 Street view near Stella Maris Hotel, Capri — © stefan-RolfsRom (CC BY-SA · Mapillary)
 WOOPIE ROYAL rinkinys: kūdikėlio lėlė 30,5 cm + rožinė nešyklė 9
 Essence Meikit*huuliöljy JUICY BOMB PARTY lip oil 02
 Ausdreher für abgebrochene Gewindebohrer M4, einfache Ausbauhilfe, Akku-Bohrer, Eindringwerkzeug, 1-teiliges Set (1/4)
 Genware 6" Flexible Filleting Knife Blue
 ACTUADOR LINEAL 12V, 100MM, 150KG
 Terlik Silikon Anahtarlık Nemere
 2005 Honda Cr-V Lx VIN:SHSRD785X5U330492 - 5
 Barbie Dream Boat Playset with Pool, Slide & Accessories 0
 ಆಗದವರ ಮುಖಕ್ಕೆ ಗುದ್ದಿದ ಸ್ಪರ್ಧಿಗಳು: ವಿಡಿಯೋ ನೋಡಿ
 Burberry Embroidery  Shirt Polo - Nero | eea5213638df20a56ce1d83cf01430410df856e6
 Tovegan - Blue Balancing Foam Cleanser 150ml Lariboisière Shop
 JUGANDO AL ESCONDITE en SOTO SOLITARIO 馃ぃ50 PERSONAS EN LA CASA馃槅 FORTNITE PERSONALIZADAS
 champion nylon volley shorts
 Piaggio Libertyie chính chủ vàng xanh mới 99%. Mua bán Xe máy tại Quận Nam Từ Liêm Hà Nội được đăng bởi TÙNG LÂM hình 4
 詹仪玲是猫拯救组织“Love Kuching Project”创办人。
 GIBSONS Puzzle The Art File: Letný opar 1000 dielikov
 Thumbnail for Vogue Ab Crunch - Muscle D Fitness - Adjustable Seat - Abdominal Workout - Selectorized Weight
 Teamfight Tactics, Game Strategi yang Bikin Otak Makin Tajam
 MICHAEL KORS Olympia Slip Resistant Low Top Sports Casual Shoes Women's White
::::::::::
> [PROBLEM TO WORK ON]:
Retype the material. Keep it exact.

> [TASK SOLUTION]:
 Street view near Stella Maris Hotel, Capri — © stefan-RolfsRom (CC BY-SA · Mapillary)
 WOOPIE ROYAL rinkinys: kūdikėlio lėlė 30,5 cm + rožinė nešyklė 9
 Essence Meikit*huuliöljy JUICY BOMB PARTY lip oil 02
 Ausdreher für abgebrochene Gewindebohrer M4, einfache Ausbauhilfe, Akku-Bohrer, Eindringwerkzeug, 1-teiliges Set (1/4)
 Genware 6" Flexible Filleting Knife Blue
 ACTUADOR LINEAL 12V, 100MM, 150KG
 Terlik Silikon Anahtarlık Nemere
 2005 Honda Cr-V Lx VIN:SHSRD785X5U330492 - 5
 Barbie Dream Boat Playset with Pool, Slide & Accessories 0
 ಆಗದವರ ಮುಖಕ್ಕೆ ಗುದ್ದಿದ ಸ್ಪರ್ಧಿಗಳು: ವಿಡಿಯೋ ನೋಡಿ
 Burberry Embroidery  Shirt Polo - Nero | eea5213638df20a56ce1d83cf01430410df856e6
 Tovegan - Blue Balancing Foam Cleanser 150ml Lariboisière Shop
 JUGANDO AL ESCONDITE en SOTO SOLITARIO 馃ぃ50 PERSONAS EN LA CASA馃槅 FORTNITE PERSONALIZADAS
 champion nylon volley shorts
 Piaggio Libertyie chính chủ vàng xanh mới 99%. Mua bán Xe máy tại Quận Nam Từ Liêm Hà Nội được đăng bởi TÙNG LÂM hình 4
 詹仪玲是猫拯救组织“Love Kuching Project”创办人。
 GIBSONS Puzzle The Art File: Letný opar 1000 dielikov
 Thumbnail for Vogue Ab Crunch - Muscle D Fitness - Adjustable Seat - Abdominal Workout - Selectorized Weight
 Teamfight Tactics, Game Strategi yang Bikin Otak Makin Tajam
 MICHAEL KORS Olympia Slip Resistant Low Top Sports Casual Shoes Women's White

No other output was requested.